The red Huc Bridge, or “Morning Sunlight Bridge,” flying brightly colored flags. This is obviously seen as picturesque by the locals.
Almost to the end of Huc Bridge. The temple is about 200 years old, so that trees have had time to grow a complex root structure.
The Vietnamese sacred unicorn, the “Ly”, on one side of the gate to enter the temple grounds.
Near the gate is a fire niche, with a hot fire burning inside it.
This is a fire made from (mostly fake) Vietnamese and American currency put in it to burn after New Years. Below, Richard burns a 10 rupee note.
We enter into the temple.
So many flowers and offerings are on the altar. This is a big period for temples, after Tet.
Looks to be a temple to Confucius.
Visitors bow before the shrine.
All around the altar are offerings, even stuffed in the mouth of this horse!
Bills lying everywhere. These are mostly just fakes, I think, or very low denominations. Maybe they are real? They look so new and unused.
More people making their offerings and paying respect.
Also in this temple is a statue to the Ho Guom Tortoises, famous in the legend of this lake.
These are big tortoises, 2 meters long. They are an endangered species. The lake’s population of them is unknown.
Joss sticks burn and smoke. Most visitors light 1 or 5 of them (always an odd number of sticks).
Nearby is a Chinese calligrapher. Posters with a Chinese character are a popular thing to get after Tet, to hang in your house.
A pretty Vietnamese girl in a native costume. The white dress means that she is unmarried.
Roots hanging from trees meet the water. Maybe a banyan tree, I guess.
Walking back over the bridge.
These birds are for sale. It is common for Buddhists to buy one of these and release it. In China, and so in Vietnam, the release of animals, particularly birds or fish, into their natural environment is an important way of demonstrating Buddhist piety. In China it was known as fang sheng. This practice is based on a passage in the Mahāyāna Sūtra of Brahma’s Net (Ch: Fanwang Jing), which states that “…all the beings in the six paths of existence are my parents. If I should kill and eat them, it is the same as killing my own parents. … Since to be reborn into one existence after another is the permanent and unalterable law, we should teach people to release sentient beings.”
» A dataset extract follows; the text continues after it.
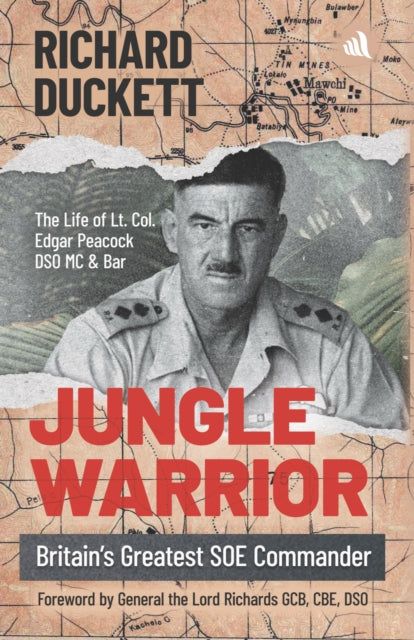Jungle Warrior: Britain's Greatest SOE Commander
Some kind of political demonstration, with Communist flags flying from motorcycles. Since Vietnam is a one-party state, the only political symbols seen are Communist.
Fanny Ice Cream Parlor
We end the day by going to the Fanny Ice Cream Parlor. It is at the Southwest end of the lake. We have heard of it from other members of the tour group.
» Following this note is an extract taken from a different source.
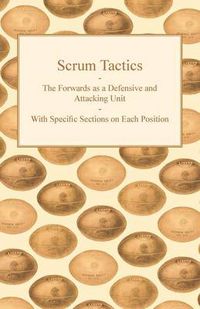 Cover image for Scrum Tactics - The Forwards as a Defensive and Attacking Unit - With Specific Sections on Each Position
Nice interior, kind of a classic “Ice Cream Parlor” look.
They used to serve gelato, but now they have changed over to artistic, and humorous, ice cream creations.
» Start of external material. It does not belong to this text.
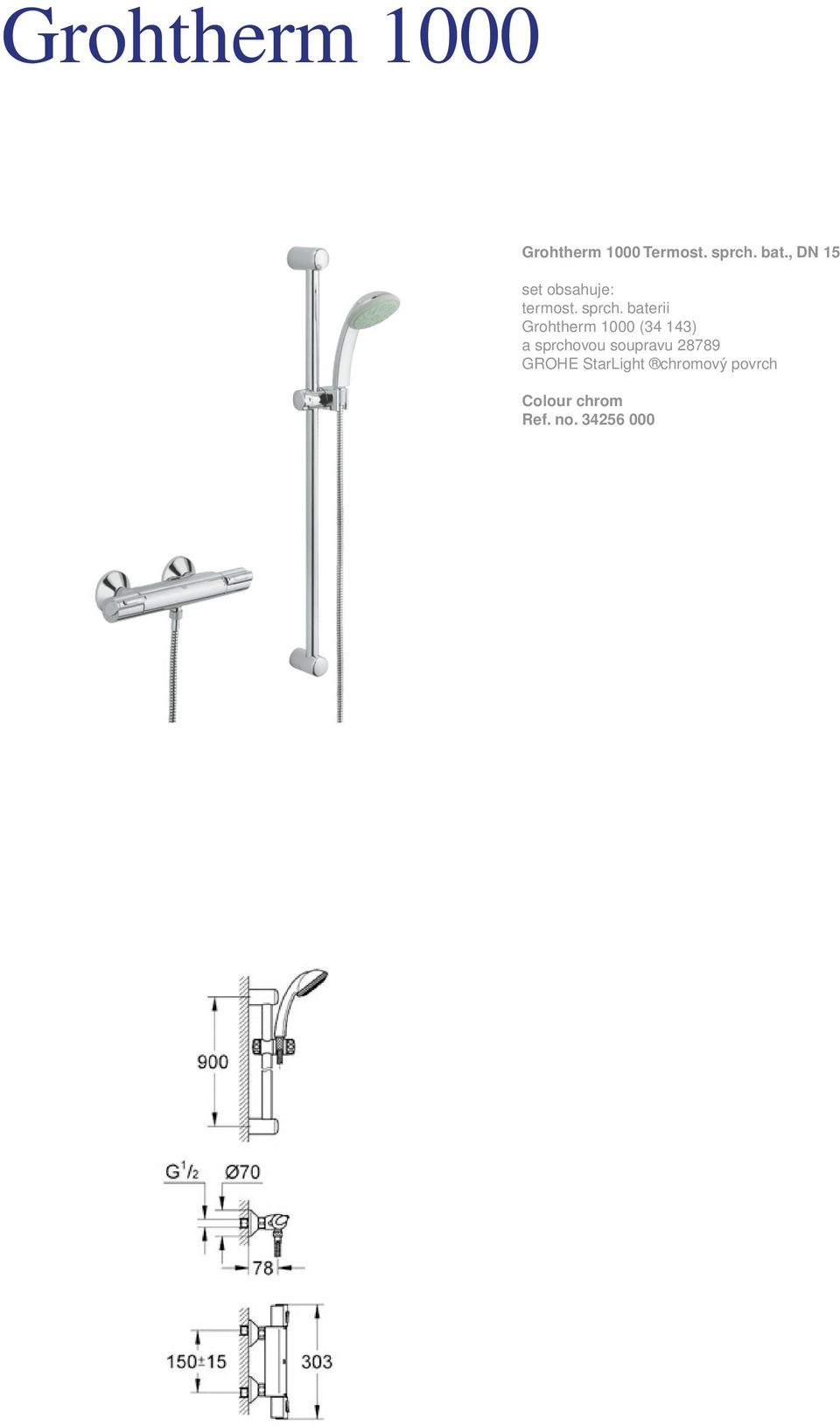 baterii Grohtherm 1000 (34 143) a sprchovou soupravu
This was served at a nearby table.
Even the locals think the creations are worthy of a photograph.
Here from the menu is Ice Cream Fondue, for a group; chocolate sauce and a bunch of different flavors.
We ordered Ice Cream Sushi. Here it is, before we dive in. Eight ‘sushi’ rolls of different flavors of ice cream, coated in black sesame seeds to look like a nori wrapping. Two sauces (chocolate and strawberry) to use with the sushi, and fruit slices (mango and a local fruit we have seen only in Vietnam) are also on the plate.
Happy after the ice cream, we walk back to the hotel. On a street corner we come upon many cigarette vendors, with high stacks of cartons (and packages) of ciggies.
Night Train to Hue
That night we were to take a sleeper train to Hue. It would take all night to get there.
We are at the train station in Hanoi.
The sleeper cars look like those from movies, with compartments and a long hall.
Four to a compartment. Comparing these to the one Indian sleeper we rode in one night a few years ago, the beds were comfortable, and we both actually got a few hours of sleep (which for me was unlike the Indian sleeper car).
We enjoyed Hanoi more than we had imagined. If we had another day or two there, I think we would have been able to find more sights to see and enjoyed ouyrselves.
My only issue there was the motorcycle driver who ran over my foot. While you are not supposed to get angry in Vietnam, like at poor restaurant service, I yelled at the guy who ran over my foot. I later checked with the guide, who said it was OK to get angry in this circumstance.